Was your decision to raise the SBA loan guarantee rate to 90 per cent controversial?
I had to convince the economic team in the White House that we wouldn’t get all the bad loans. I had done some analysis that showed that the fact that nobody was lending would allow us to attract the cream of the small businesses out there. In fact, the credit scores went up by an average of about 100 points so that proved to be correct.
At the time it was a daring tactic, but it was also a very deep crisis and I knew that small businesses were hurting all over the country.
How do you think small businesses today could benefit from digital transformation?
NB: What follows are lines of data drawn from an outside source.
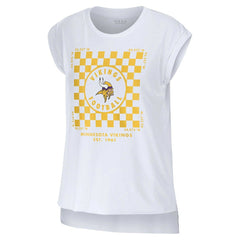 Minnesota Vikings WEAR by Erin Andrews Women's Checker Muscle Tank Top - White Tops
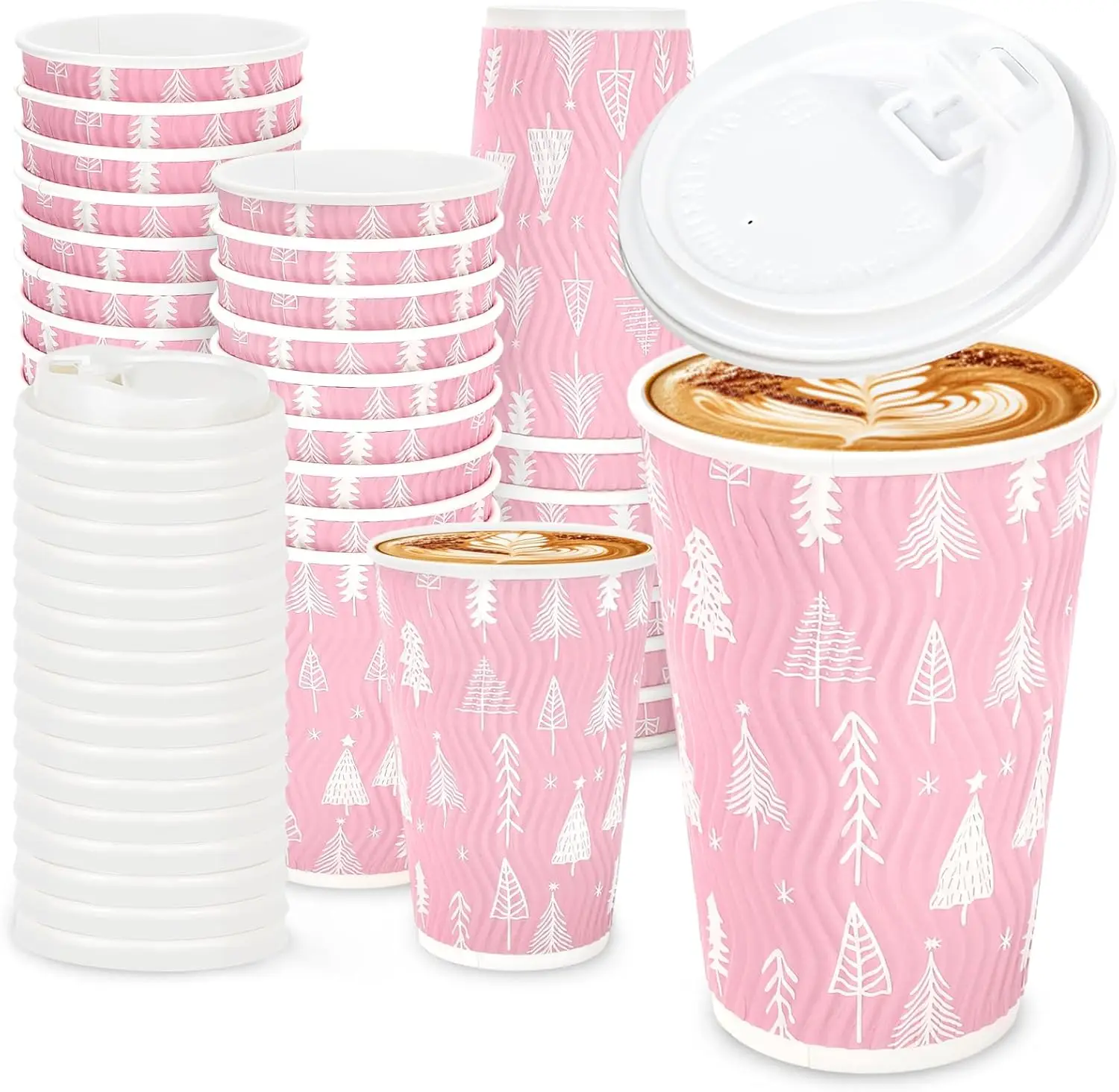 

100Pcs Christmas Disposable Coffee Cups with Lids Boho Xmas Tree Paper Cups Pink White Corrugated Ripple Wall Insulated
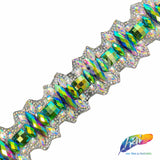 1 5/8" Green AB/Purple AB Rhinestone Iron On Trim, IRT-164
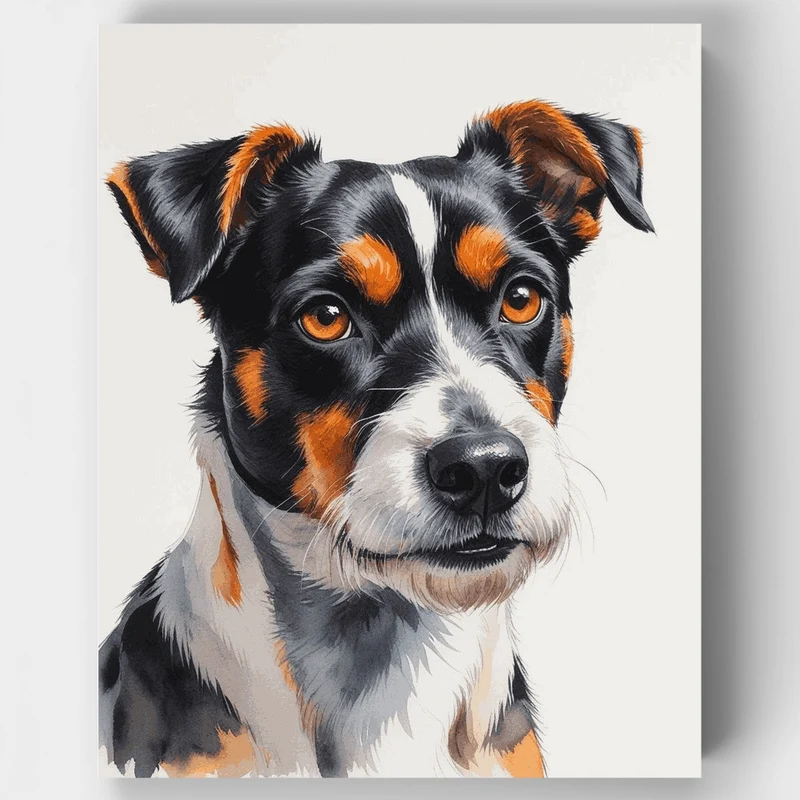 Tri-Color Dog with Amber Eyes - Paint by Numbers Kit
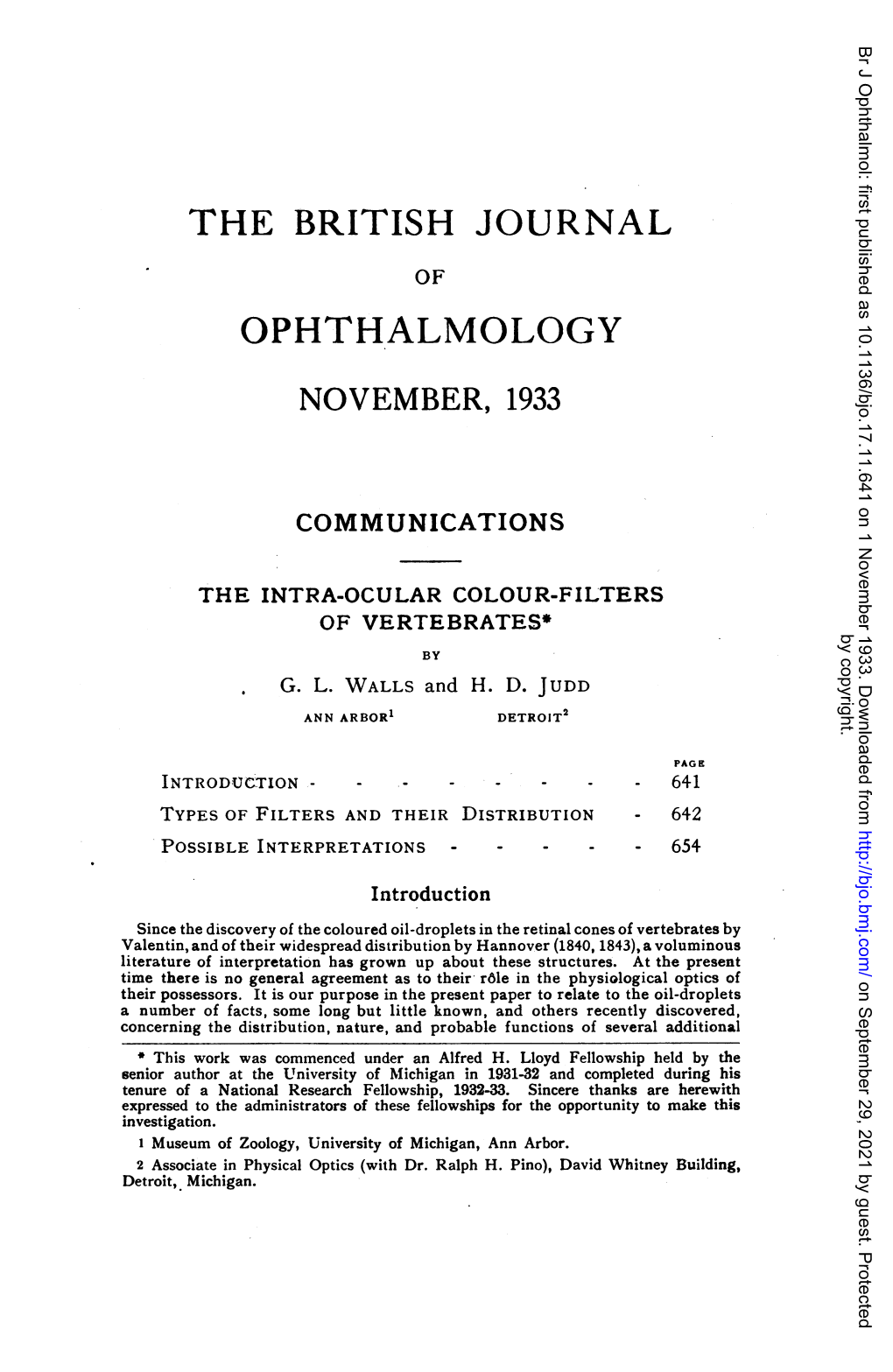 The Intra-Ocular Colour-Filters Of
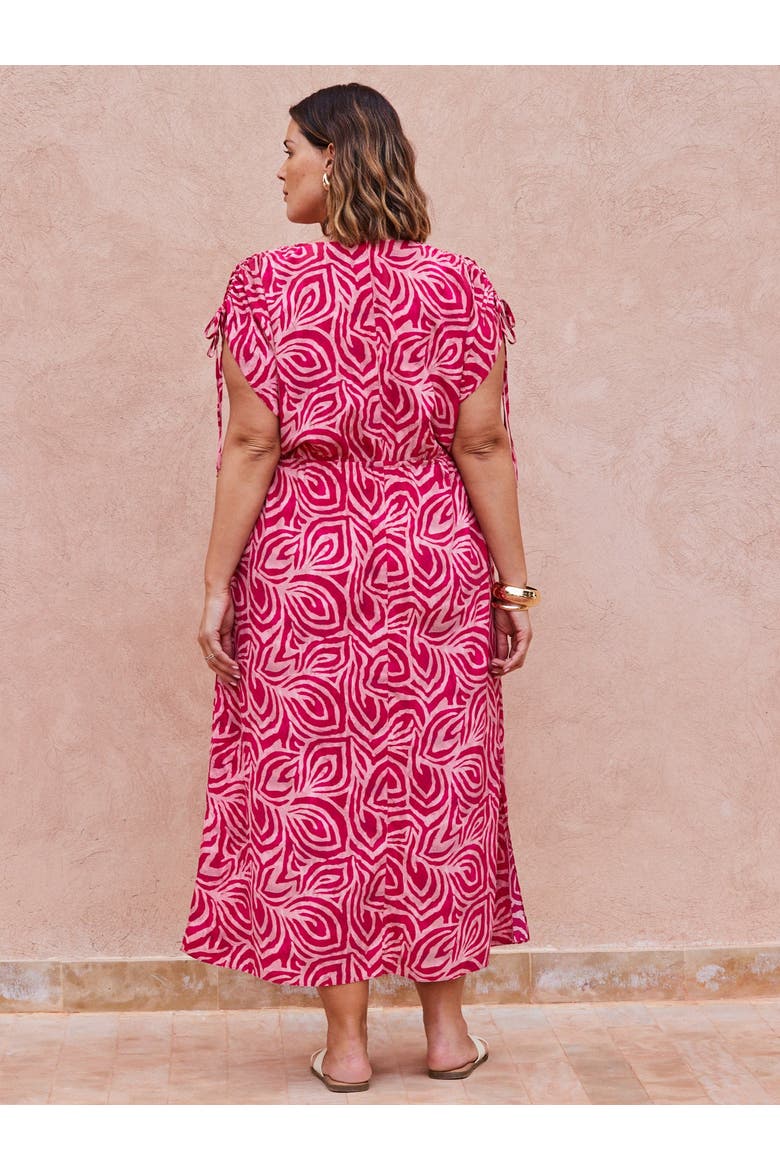 Abstract Print Gathered Midi Dress
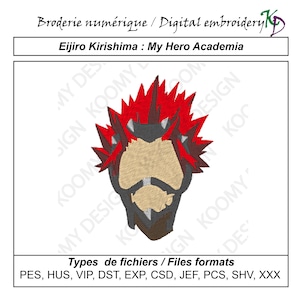 Eijiro: My Hero Academia - 4&quot;x4&quot; digital embroidery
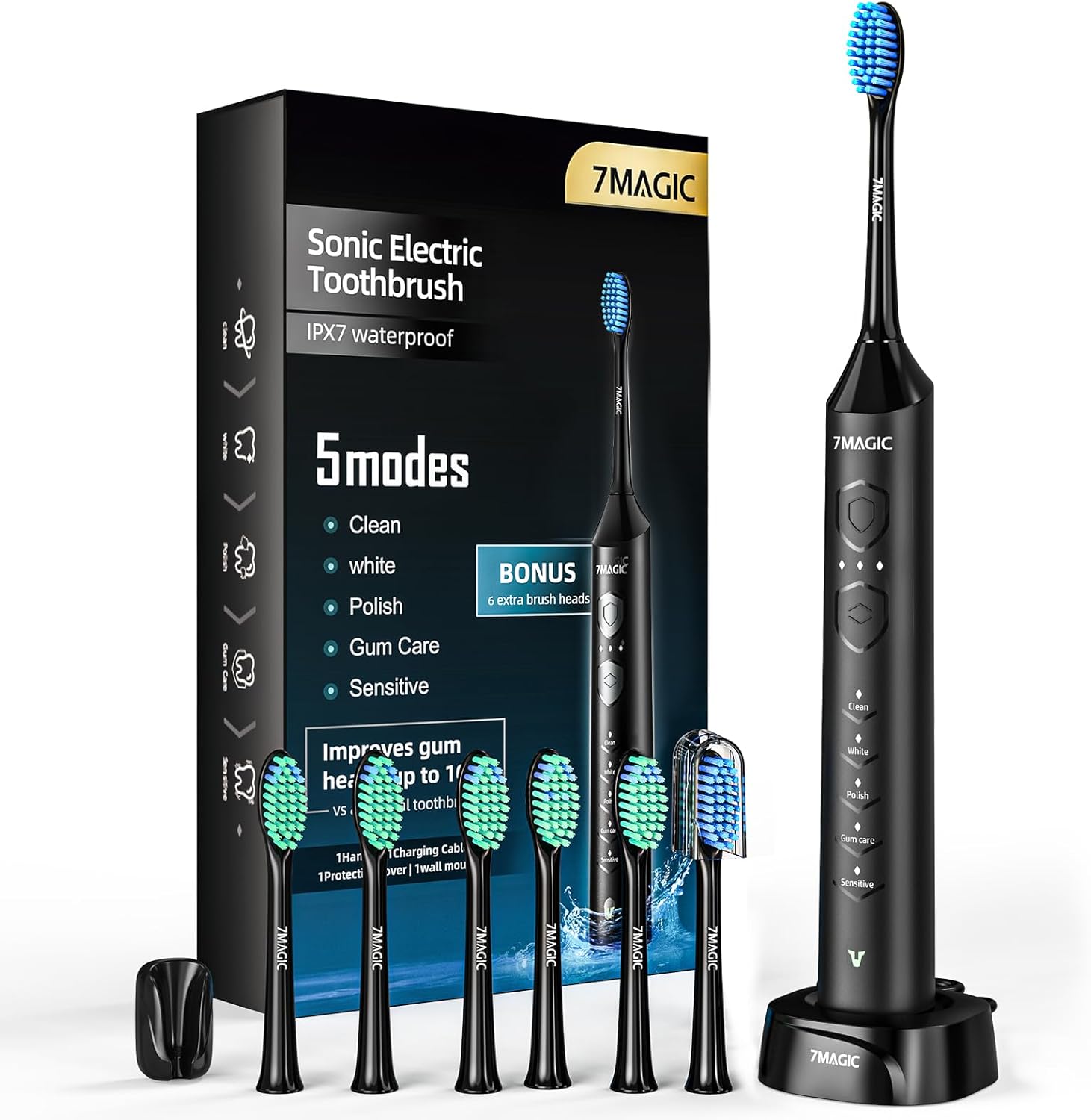 Electric Toothbrush, Sonic Toothbrush, Electric Toothbrush Adult with 3 Intensities 5 Modes, 40000 VPM & IPX7, Ultrasonic Toothbrush Electric with 90-Day Battery Life and Timer, Knight Black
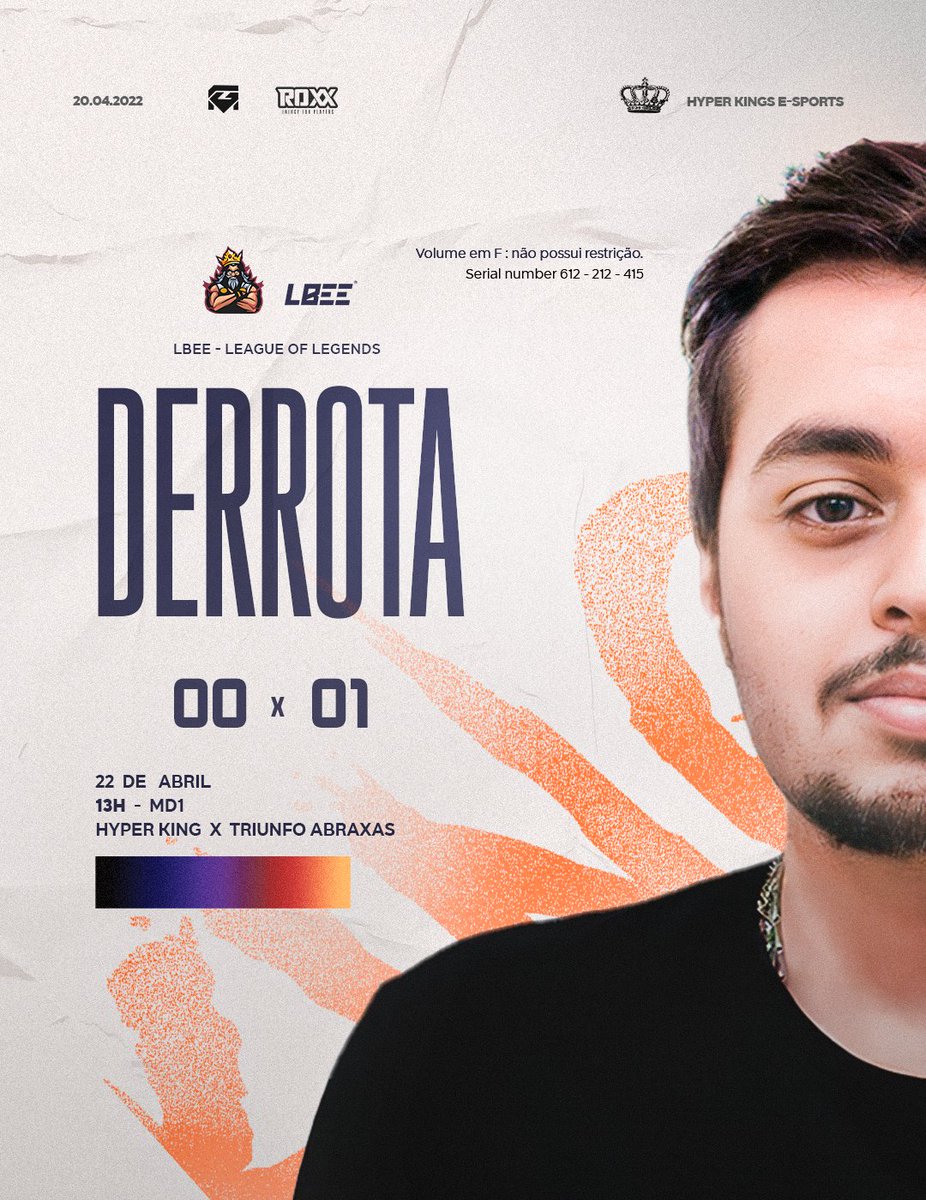 HyperKingsOFC's tweet photo. 😞 Infelizmente, nossa equipe não conseguiu vencer o campeonato da LBEE.
💔 Foi uma derrota dolorosa, mas estamos orgulhosos do esforço que fizemos. 🏆
💪 Vamos continuar treinando e nos dedicando para voltarmos mais fortes nos próximos jogos!
#LBEE #gameday #esports #LoL https://t.co/DW9Zld62ls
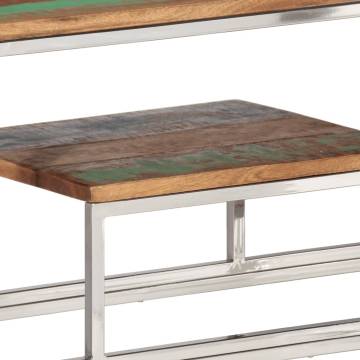 Stylish Silver Console Table - Stainless Steel & Reclaimed Wood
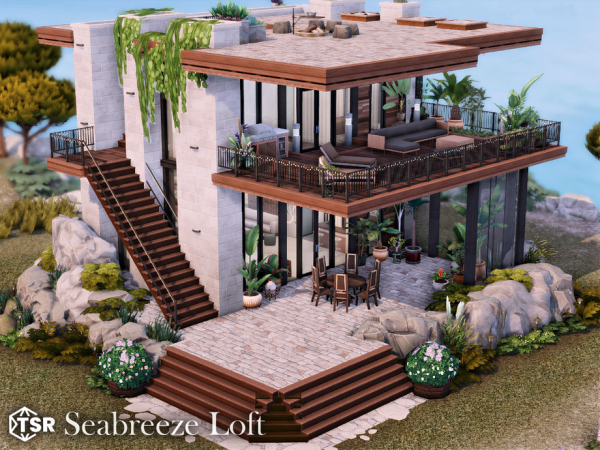 Sims 4 Maxis Match Exotic Houses CC: Seabreeze Loft l noCC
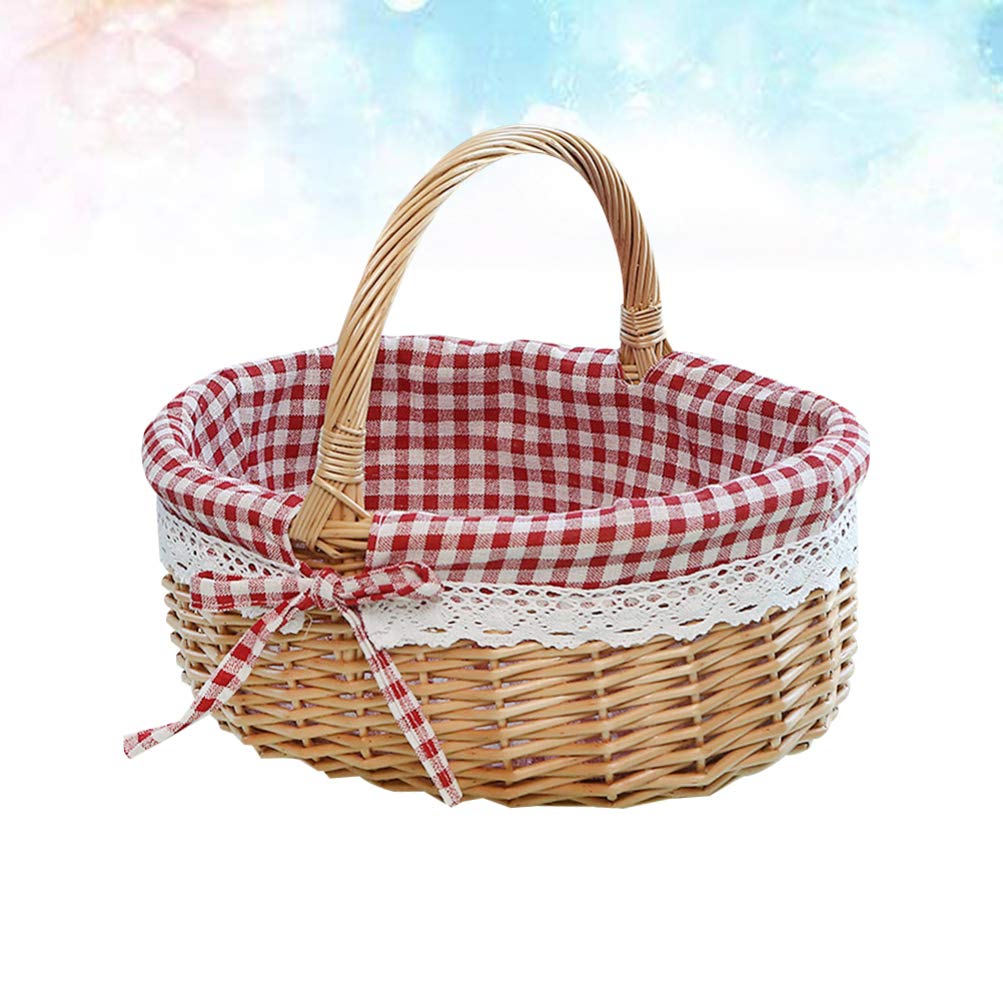 Natural Woven Rattan Basket with Handle - Oval Storage Bin for Food Serving, Fruit Display, Home Decor & Wedding - Eco-Friendly Wicker Organizer for Kitchen, Living Room, Outdoor & Kids Room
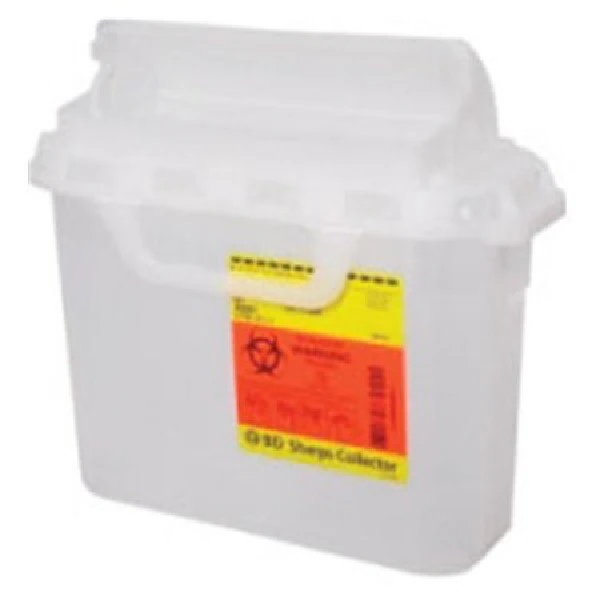 Becton-Dickinson Sharps Horizontal Clear Container, 5.4qt, 10x12x12", Counterbalanced Door Lid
It used to be that you would go to a bank with a pile of paperwork, the banker would say come back in three months, and sometimes the answer was no. It was a very long and painful process, but technology has the power to change two of the big frictions that caused those difficulties.
The first is information opacity – it’s very difficult to figure out whether a small business is creditworthy. The second friction is called heterogeneity – the fact that not all small businesses are the same, so as a lender you could be assessing a dry cleaner one day and then a funeral home the next. This makes it hard to get a credit file of like businesses and figure out what the profile of the desirable customer would be.
Big data and technology will change all that. Imagine you are a small business owner and you’re sitting down with your banker – each of you has a dashboard which has collected your financial information and the algorithm inside has processed it to give you a projection of the cashflow for your business.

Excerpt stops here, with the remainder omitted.